On a trivial note: when did the “ventilation controls to the left of the driver” layout become a thing, and why? I remember that setup during the 70s but never understood when or why it became a fixture, at least on some American cars. Just wondering, since I expected to see the featured car’s dashboard laid out that way and was surprised when it was the more modern design.
I have no childhood memory of these all, as opposed to the Cadillacs I saw now and then, and the Lincolns once in a special while. eBay has one ad that shows the trunk, I see (is that supposed to be a particular bridge in NY or SF?):
Happy dealer photo, also eBay. Is that a dealer with customers to our right, or one customer surrounded by attentive sales staff?
Could be courtesy cars for town notables. Like they mentioned in some Imperial ads in National Geographic. Special invitations to Dr.s
and lawyers and such.
Marketing having your best car driven around town by the “best” people.
Back when this ran before, I have no idea why I wasn’t remembering the 59 Imperial that my Mom’s cousin was driving in the late 60s. Her kids were the same ages as my sister and I and we would go to their house sometimes. It was an odd old car for the time and I forget how they got it, I believe from an elderly relative.
Her husband was an engineer and had no patience for car trouble. The battery was getting weak and on cold mornings she would go out and put a trouble light over the battery for 15 minutes to warm it up so it would start. Because she knew if she told her husband it needed a battery, he was going to insist on dumping it for a new car. But she loved that old Imp even though the family jokingly considered it something of a ghetto cruiser.
I kind of like it, and especially like the space-age tail light treatment.
It definitely looks best in the lighter colors – I don’t like the black one at all (and that’s odd for me, owner of a series of black cars).
The cranberry/maroon one pictured in the comments is just light enough to work well – any darker would be too dark.
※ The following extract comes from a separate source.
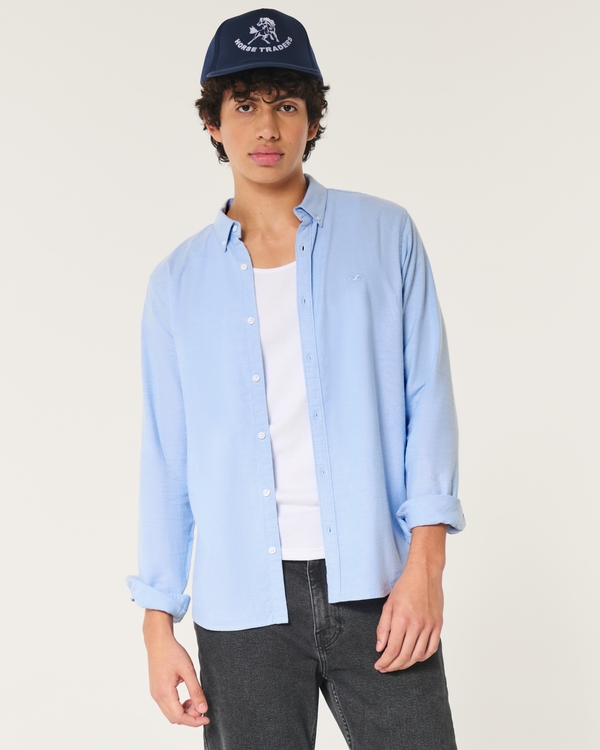 Long-Sleeve Oxford Shirt, Light Blue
Here is the ’59 Imperial, shown in a 1959 “Forward Look” Russian – language brochure (also in English) that was prepared for and distributed at the 1959 US National Exhibition, a cultural exchange event held that summer in Moscow (the scene of the famous Nixon – Khrushchev “Kitchen Debate”). Chrysler, GM and Ford sent over about 20 of their snazziest new models for the three million Soviet visitors to ogle, and an Imperial was among them. The cars were one of the hits of the show, which showcased US consumer abundance. At that time, private car ownership amongst Russians was virtually unknown, and to those visiting this shiny US capitalist showcase, the cars must have seemed like something from outer space. This brochure is via Imperial Club, and it is a fascinating Cold War artifact, as it explains the role of cars in modern US life as the ultimate exemplar of “peoples’ capitalism”:
http://www.imperialclub.com/Yr/1959/59Russian/index.htm
My apologies for the above low – res scan, here is a much better one. The text reads: “1959 Imperial. In the past ten years, more and more Americans have been spending their leisure time boating. Today almost every city situated near water has at least one harbor built especially for private small craft. Here an Imperial, one of our finest lines of cars, is shown at such a harbor. Total number of Imperials now in use: 130,000. For 1959 specifications, see inside back cover…”
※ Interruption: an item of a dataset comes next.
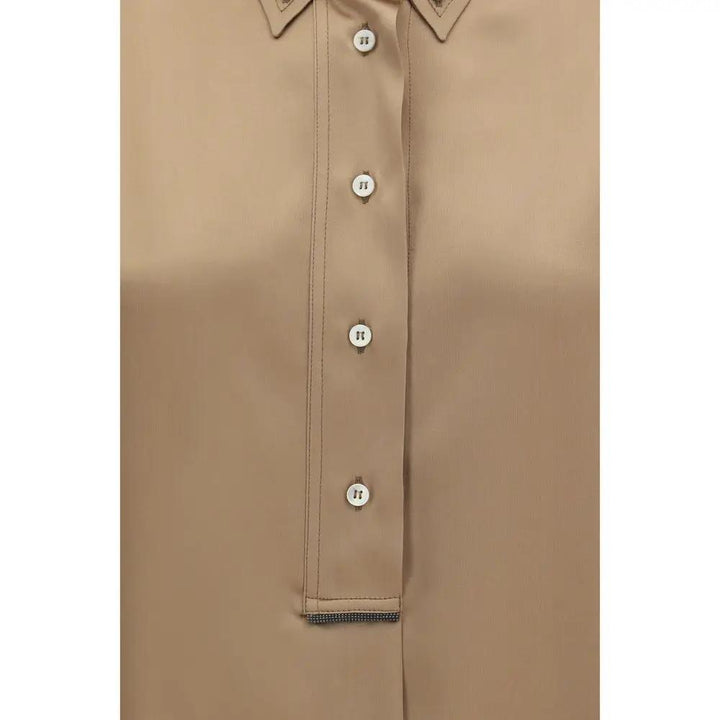 Brunello Cucinelli Beige Silk Shortsleeve Shirt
Sales don’t necessarily indicate public opinion of the 59 Imperial styling. The 1957 Chrysler Corporation cars were very well received by the public, and left a very sour memory with their owners. GM caught up with Chrysler’s flamboyant style in 59, and had brand new cars instead of a refresh. GM initiated a crash redesign of all of their cars to catch up with Chrysler.
Wonder where , In MD, this was??Never knew about the “no turn signal stalk” thing till now.
H’mm.
The side view is quite impressive, even elegant, but the front and rear are a combination of garish and just odd. 🙂
Possibly the perfect subject for an alternate design exercise, leaving the overall lines of the car unchanged – it could have been stunning.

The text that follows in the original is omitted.